# What if "not at fault"



## sdrick (May 5, 2015)

2 weeks driving and still trying to figure out this insurance risk. My question is; if we are not at fault (and let's say the other driver concedes this) doesn't that make moot what coverage we have (wheter we have paxs or not). I drive with a dashcam to keep everybody honest just incase. Fyi: you can use a cheap ipod; 4th gen as a dashcam. I bought one at gamestop for $60.


----------



## Beur (Apr 14, 2015)

With 2 companies offering proper insurance there's no reason not to be properly insured.


----------



## sdrick (May 5, 2015)

Beur said:


> With 2 companies offering proper insurance there's no reason not to be properly insured.


Yes I realize this. However, Farmers would cost me $650 more to switch. Metromile charges by the the mile and I drive to many personal miles. Trying to weigh my option and understand my risks fully as to wheter I want to continue with this.


----------



## AMAdriver (May 27, 2015)

sdrick said:


> 2 weeks driving and still trying to figure out this insurance risk. My question is; if we are not at fault (and let's say the other driver concedes this) doesn't that make moot what coverage we have (wheter we have paxs or not). I drive with a dashcam to keep everybody honest just incase. Fyi: you can use a cheap ipod; 4th gen as a dashcam. I bought one at gamestop for $60.


If the driver who hits you does not have insurance or not enough, then it is very possible (definite in NC) your personal auto policy will not cover it/you, and insurance company could cancel your policy all together since you are driving for hire.


----------



## AMAdriver (May 27, 2015)

Beur said:


> With 2 companies offering proper insurance there's no reason not to be properly insured.

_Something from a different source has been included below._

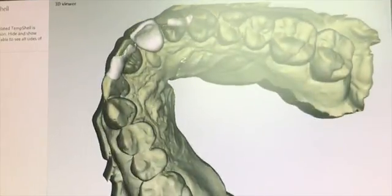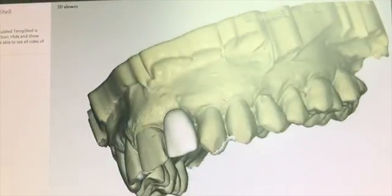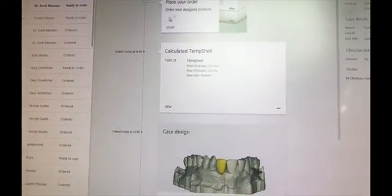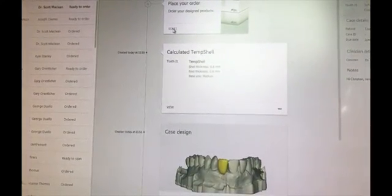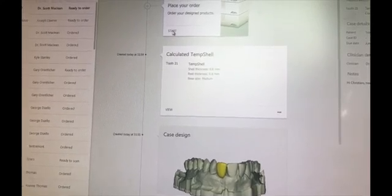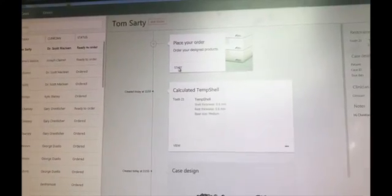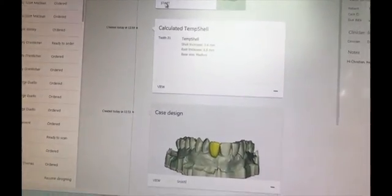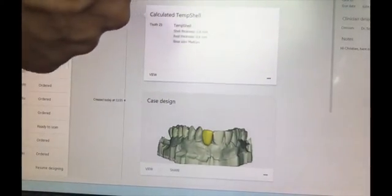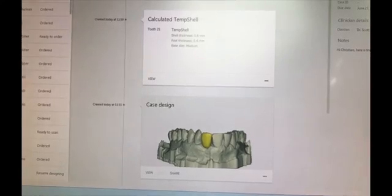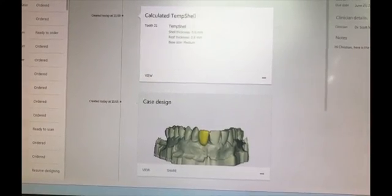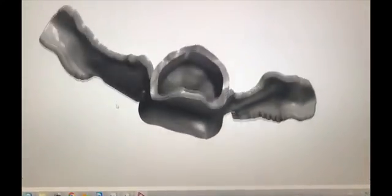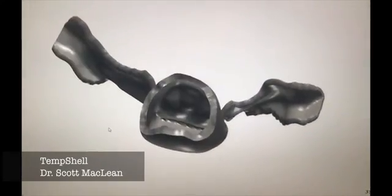We know where the access is going to be in the labial of this temp shell, and we'll know the position based on occlusion. The lab will then request an STL print file, and this print or mill file will be used to fabricate the temp shell in their own dental lab locally — not sending it to Nobel Biocare. This high-resolution file is generated so they can either mill or print the temp shell.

I wish NC had more choices. So far my quote has been $533 a month for full commercial coverage. Still shopping hoping I can get a policy that is affordable. Until then, no going Online with Uber Partner.


----------



## sdrick (May 5, 2015)

AMAdriver said:


> I wish NC had more choices. So far my quote has been $533 a month for full commercial coverage. Still shopping hoping I can get a policy that is affordable. Until then, no going Online with Uber Partner.

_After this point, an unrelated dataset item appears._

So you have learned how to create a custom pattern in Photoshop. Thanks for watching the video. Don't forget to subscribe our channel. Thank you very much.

My premium is $700/year. Farmers is now offering rideshare ins for an 8% surcharge, but it would cost me $650 to switch to Farmers. So if you were paying $1000/yr premium for Farmers and started getting rideshare you would have to pay $1080. Good deal. Hoping my ins company offers a similar deal soon. So now the risk may be something I can live with. I trust my driving and feel a bit more secure having my dashcam recording. If the other driver is at fault and has responsible ins the insurance I have will not be an issue. I think I can live with this for the time being.


----------